Essen. . Fußball und Politik begegnen sich irgendwie immer wieder. Aber gilt immer noch: Wie die Politik, so der Fußball? Die deutsche Elf hat sich von vielen Klischees über ihr Spiel lösen können. Ein Kommentar von Reinhard Schüssler.
Im Vorfeld der Fußball-Europameisterschaft war viel von Politik die Rede. Die wenigsten dürften aber mit dieser Entwicklung gerechnet haben: Die seit längerem anhaltende Auseinandersetzung zwischen Griechenland und Deutschland verlagert sich kurzfristig von der EU auf die EM. Schon kündigten euphorisierte Hellas-Fans vor dem Viertelfinale an: „Wir werden den Deutschen zeigen, dass sie zwar mehr Geld, wir aber das bessere Team haben.“
Nun ja. Wer aber die strahlenden Gesichter der auf den Straßen Athens tanzenden Menschen sah, bekam zumindest eine Ahnung davon, welche politische Kraft in einem Ball steckt, der fast die ganze Weltkugel bewegt. Wobei die Fußball-Begeisterung natürlich nicht nur in eine Richtung ausschlägt.

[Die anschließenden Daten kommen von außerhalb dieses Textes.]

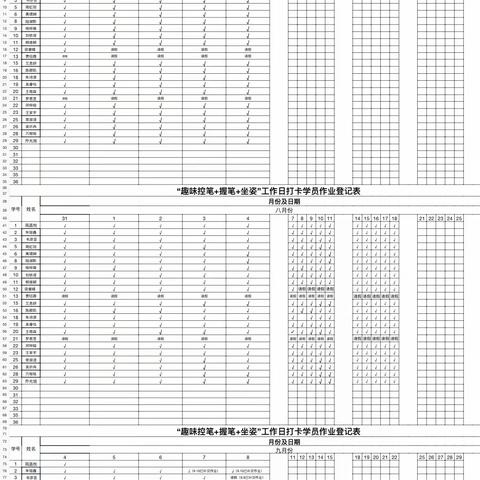 趣味控笔+握笔+坐姿 ”“在白纸上进行摆动手腕进行“横”的练习第 8周成长记录 。”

So erleichtert Griechenlands Regierung sein wird, dass ihre Landsleute von ihren größten Sorgen abgelenkt sind, so wenig amüsiert wird Russlands Präsident Wladimir Putin über das Vorrunden-Aus seiner Nationalmannschaft sein. Nicht umsonst hatte der Kreml-Chef Tausenden von Fußball-Anhängern die kostenlose Anreise ermöglicht. Die Rechnung, über den Fußball eine bessere Stimmung im Land zu erzeugen, ging jedoch nicht auf.
Wirkung der Ball-Botschafter ist enorm
Auch in Deutschland hat noch jeder Regierungschef versucht, die Popularität des Fußballs auszunutzen. Spürbare politische Wirkung erzielte jedoch nur ein deutscher Triumph: das „Wunder von Bern“. Indem sie dem unter den Folgen des Zweiten Weltkrieges leidenden Volk das „Wir- sind- wieder-wer“-Gefühl vermittelten, zählte die Herberger-Elf 1954 zu den Motoren des Wirtschaftswunders.
Da kann die Löw-Elf spielen und siegen, wie sie will - ein solcher Stellenwert ist für sie unerreichbar. Was nicht gegen die Fußballer, sondern für die Entwicklung in unserem Land spricht. Gleichwohl ist die (Außen-)Wirkung, die Deutschlands Ball-Botschafter erzielen, nicht gering zu schätzen. Wie sich spätestens beim Sommermärchen 2006 zeigte, als die Welt sowohl über den unverkrampften Umgang mit nationalen Symbolen als auch über die Spielweise der einheimischen Mannschaft staunte.
Im Fußball hatten sich die Deutschen zwar über Jahre weltweiten Respekt verschafft, mit ihrer wenig filigranen Spielweise gleichzeitig aber vorhandene Vorurteile gegenüber „teutonischen Tugenden“ verstärkt. Inzwischen löst der Stil des Löw-Teams weniger Furcht vor deutscher Effektivität aus, eher schon Verzückung über ein attraktives Spiel.